“Yes I call across the waves;
If I don’t come home tonight,
I’ll make it home some day…”
~ Paul Gross - “Robert McKenzie” (Due South OST)</i>
Though still hot, still sunny, still but the beginning of the Summer as I once would have thought it, the evenings get darker earlier now than they did scarce a month ago.
It’s a Sunday evening, and now I head home, away into the night on creaking trains and familiar tracks. I’m reminded of a feeling which I associate mostly with the stereotypically Japanese near-addiction to work, that feeling of coming home night after night on the same old frequent-stopping train; to an apartment, a single man’s apartment, to eat and sleep before repeating the whole thing again.
Soon enough, as mornings and evenings alike darken, I’ll once again be able to feel these emotions as I return home from work on the train myself.
I, of course, have many more concerns than work and travel therefrom. As I travel home now, I clutch in my arms a bunch of sunflowers; with an invisible label that declares me to be young, in love, and with far more in common with the flower folk than is normal.
It’s almost a shame that the lilacs are no longer in bloom…
What all this adds up to is that I can’t give in to the darkness of the Winter commute. Sometimes I guess I’d like to do so, to experience whatever joy lies beyond the loneliness and futility of the slow evening train.
Deep down, though, I think I know what that joy is.
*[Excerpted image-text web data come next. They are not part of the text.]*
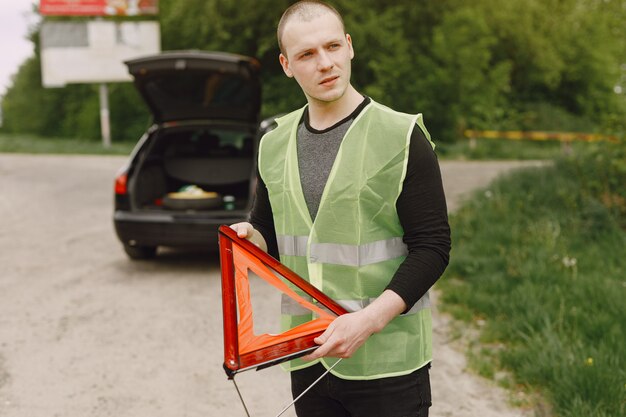 Jakie korzyści niesie ze sobą korzystanie z profesjonalnej pomocy drogowej?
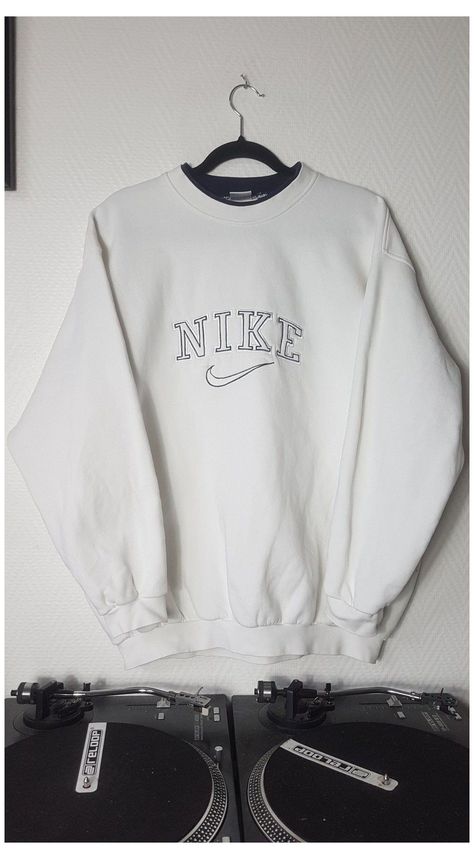 7949e456002b28988d38185bd30e77fddesc35248372ri Cool Nike Sweatshirts, Aesthetic Clothes Nike, Nike Retro Crewneck, Nike Retro Hoodie, Nike Clothing Aesthetic, Retro Nike Hoodie, Nike 90s Vintage Outfit, Nike Women Hoodie, Vintage Nike Sweaters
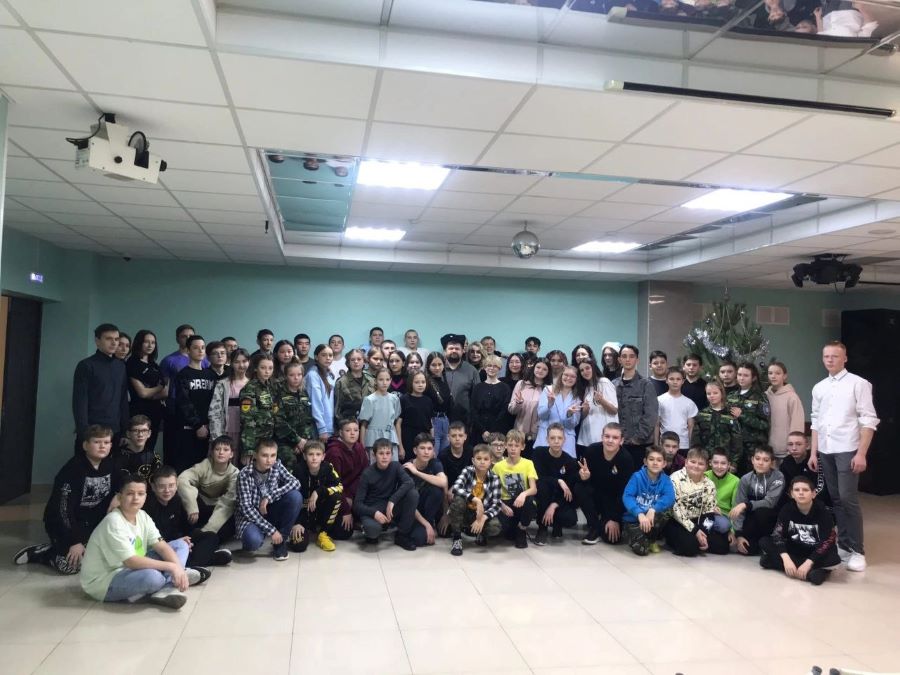 Казачата Оренбуржья встретили Новый год в профильной лагерной смене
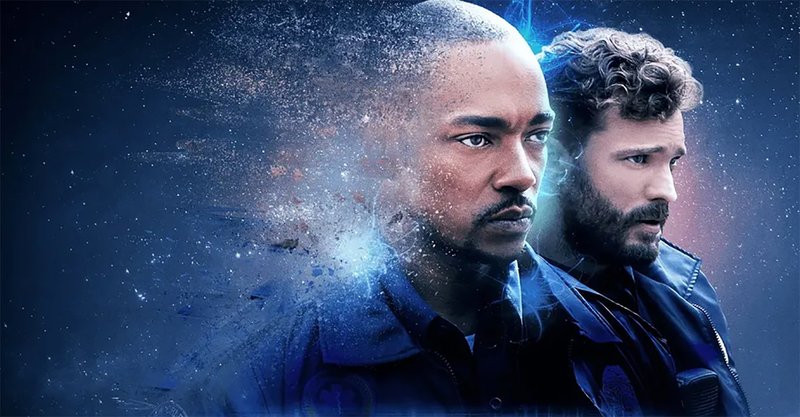 Anthony Mackie e Jamie Dornan são os protagonistas de Synchronic.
It’s not really joy at all, it’s the kind of unchanging emotionlessness that feels like happiness if you’re so deeply immersed in it all that you’ve lost track of what life outside is like.
But that would mean being lonely - rejecting friends and family, kith and kin, my heart, my song and my love.
Never going to happen.
There’s a different kind of winter travel that I like much better. Gloves discarded next to you on the platform bench; a cup of coffee by your side steaming into the icy air; a pen in one hand and paper in the other, writing while on the platform until the train arrives, then carrying on writing some more as the train carries you forward, away into the morning light, away from the night.